40歳とのことだが、実年齢より若く感じた。

クラスメートは計6名
男性2人と女性が4人
35歳~62歳までの方々が集まっている。

 挨拶と自己紹介

前職の職種は様々で、介護関係、幼稚園の先生、営業職、事務職等の方々が集まっている模様。


先生の説明と各種手続きで、1日目は終了する。

1ヶ月目

 授業開始後、ブラインドタッチの練習。
初回はキーボードの一段ずつをミスをせずに打つことを目標とし、クリアしたら次の段を練習。
すべての段をクリアしたら、スピードアップの練習を実践。
朝の15分がブラインドタッチの練習の日課となる。
スピード関係なく、習得するのに一週間もかかってしまったが、今では日常的になり、スピードも上がってきた。

1ヶ月目の授業では、本格的なパソコンスキルは学ばず、主に以下の内容を受講した。

自己分析
コミュニケーション能力
労働基準法
メール作成
面接対策
履歴書、職務経歴書の書き方

月に1回小テストあり。

この期間では、グループやコンビで課題を考えるというテーマが多かった。
人柄の良い人が揃っており、話し合いもしやすく、新たな視点を発見することが多かったので楽しく学ぶことが出来た。

2ヶ月目

 いよいよ、Wordの実践が始まる。
テキストのカリキュラムが決まっており、1日に3種類ほどの内容を学んでいく。
日常的にパソコンを使っている方には、簡単にこなせると思うが、パソコン初心者にとってはついていくのが困難なのだ。
出来れば、馬鹿にしないで頂きたい。
ちなみに、授業でやりきれなかった課題はネットカフェに通いつめ、理解出来るまでこなす。
前述に記した通り、貧困のためパソコンの購入が出来ないからだ。
実践編に入ってからは、1分1秒でも時間が惜しくなり、授業の内容を完全に習得することに必死であった。

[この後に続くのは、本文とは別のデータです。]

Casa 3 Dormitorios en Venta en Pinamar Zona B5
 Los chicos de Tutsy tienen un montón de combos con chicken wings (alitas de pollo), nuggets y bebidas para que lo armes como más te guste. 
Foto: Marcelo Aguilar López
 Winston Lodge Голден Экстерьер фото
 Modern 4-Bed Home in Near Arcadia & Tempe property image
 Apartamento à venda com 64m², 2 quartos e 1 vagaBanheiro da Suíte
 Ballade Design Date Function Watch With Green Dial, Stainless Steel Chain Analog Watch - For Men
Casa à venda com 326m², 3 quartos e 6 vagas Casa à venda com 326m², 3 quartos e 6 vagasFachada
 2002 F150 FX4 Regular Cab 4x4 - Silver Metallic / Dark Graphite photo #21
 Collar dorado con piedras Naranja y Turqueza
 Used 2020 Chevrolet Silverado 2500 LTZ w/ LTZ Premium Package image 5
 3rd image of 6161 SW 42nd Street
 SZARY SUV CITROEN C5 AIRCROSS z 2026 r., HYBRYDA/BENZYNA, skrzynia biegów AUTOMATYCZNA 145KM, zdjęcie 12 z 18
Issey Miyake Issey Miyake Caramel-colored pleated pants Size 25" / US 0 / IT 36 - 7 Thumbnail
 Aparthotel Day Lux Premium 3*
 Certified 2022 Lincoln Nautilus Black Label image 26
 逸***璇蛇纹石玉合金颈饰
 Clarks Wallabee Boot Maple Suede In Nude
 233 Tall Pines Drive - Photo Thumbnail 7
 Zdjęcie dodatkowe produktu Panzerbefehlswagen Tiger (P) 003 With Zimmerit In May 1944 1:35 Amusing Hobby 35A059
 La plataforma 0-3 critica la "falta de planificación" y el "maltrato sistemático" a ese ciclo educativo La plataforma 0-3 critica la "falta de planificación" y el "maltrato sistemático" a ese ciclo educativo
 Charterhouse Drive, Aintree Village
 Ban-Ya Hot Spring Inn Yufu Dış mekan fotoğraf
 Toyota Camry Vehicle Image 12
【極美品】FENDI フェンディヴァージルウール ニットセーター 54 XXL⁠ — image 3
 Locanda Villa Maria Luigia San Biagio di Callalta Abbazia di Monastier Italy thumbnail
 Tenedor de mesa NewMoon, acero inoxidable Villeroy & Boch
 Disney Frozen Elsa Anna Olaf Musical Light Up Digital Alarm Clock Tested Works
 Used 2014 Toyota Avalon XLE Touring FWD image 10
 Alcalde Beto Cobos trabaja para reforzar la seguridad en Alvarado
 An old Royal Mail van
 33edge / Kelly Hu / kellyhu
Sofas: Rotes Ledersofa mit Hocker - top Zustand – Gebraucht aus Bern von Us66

 Wordのテキストがひととおり終了後、MOS試験の授業が始まる。
資格取得自体は任意なのだが、授業は全員受講。
授業は提供された模擬試験アプリを使用。
試験は5種類用意されており、制限時間は50分、約35問中7割で合格となる。 
 講義を受講後、各自試験開始。
 説明を受けた後の問題は頭に入っていることもあり、合格ラインに入ることもあるのだが、新たな問題はほぼ低得点であることが多い。

3ヶ月目

 テキストを用いて、Excelの実践開始。
一番難解だったのが、関数である。
1文字でも記号を間違えると成り立たない。
何回も苛立ちながら、ようやく習得出来た状態だ。
こればかりは、回数をこなして慣れるしかない。
しかし、関数はパソコン業務で、必要であることが多いので、習得しておくべきである。

 Excelのテキスト終了と同時に年末に突入。
 正月休み明けに、Wordの時と同様の流れで、MOS試験Excelを講義。

MOS資格のスペシャリストは、合格率が80%と高い。
普段パソコンを使用している方なら、特別な資格ではなく意味はないという方もいるそうだ。
しかし、私からすれば侮れない。
機械で操作する仕組みのため、解答する過程が僅かでも違えば答えが不正解となる。
いわゆる、引っ掛け問題が多いので、問題を読み込んで慎重に解釈しなければならない。
話を聞けば、いくらパソコンに長けている人でも解釈違いで不合格になる方もいるそうだ。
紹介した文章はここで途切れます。